More Sly: There’s a soundtrack release for Sly Lives!, but really, the best and easiest way to get into Sly and the Family Stone is to just throw on their classic Greatest Hits, which is maybe one of the great party records. My personal favorite in Sly’s discography is probably There’s A Riot Goin’ On, which has a crazy story behind it and is one of the first pop records to feature a drum machine. The 33 1/3 entry on the album is pretty uneven, but it did point me upstream to Joel Selvin’s Sly & The Family Stone: An Oral History — which is much wilder than anything in the Questlove doc — and got me to re-read the Sly Stone chapter in Greil Marcus’s Mystery Train. (I made a killer little playlist called “Post-Riot” based on one paragraph in that book.)

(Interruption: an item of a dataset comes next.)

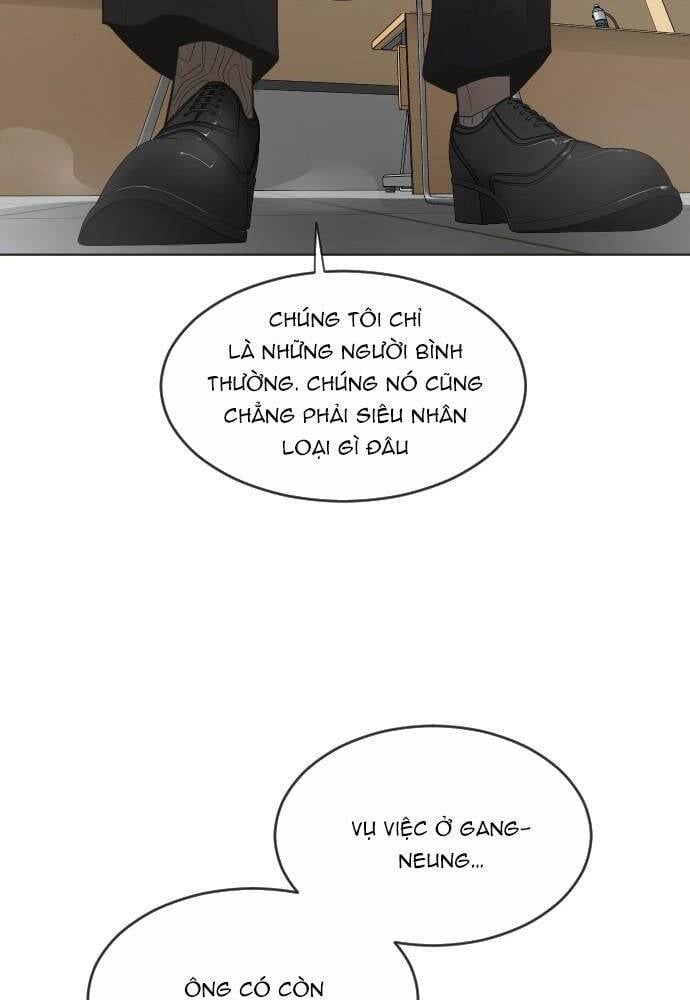 Kỷ Nguyên Siêu Anh Hùng Chapter 95 - 105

Writing tip: Buried in my 5 things on my mind (and in my notebook) letter on Tuesday was this little Google Docs trick for exporting an .epub file for your e-reader: File menu > Download > EPUB Publication. (I think this is going to really change the way I self-edit.)
TV: The White Lotus is back for its third season. We love the show so much we’re re-watching the first two seasons. There’s a good profile of creator Mike White in The New Yorker, but what I really love is this 10-year-old video of him talking about his creative process, how it’s half an “open” mode that doesn’t look like he’s doing much, and half a “closed” mode where he’s deep in work on a project. (I have a feeling he borrowed those modes from John Cleese’s excellent lecture on creativity, which he later spun into his book, Creativity: A Short and Cheerful Guide.)
Travel anti-White Lotus style with Kevin Kelly’s 50 Years of Travel Tips. (I’m too chicken or midwestern or whatever I am to do a bunch of these, but I was really intrigued by his “Laser out, meander back” approach highlighted by Mark.)
A swingin’ mixtape: I made “Red Sauce” with a bunch of classic Dean Martin, Frank Sinatra, and Louis Prima tracks for Meghan to play on spaghetti night when she’s making the meatballs. (I’m particularly proud of the cover art for this one.) While I was putting it together, I came across the Ultra-Lounge series of compilation CDs that Capitol Records started putting out during the 1990s swing revival. They are fantastic. (Here’s a gigantic Spotify playlist of them all.)
A good reminder: Uncertainty is the only thing that makes life possible. (And as I wrote in Keep Going, it is the very thing that creativity runs on.)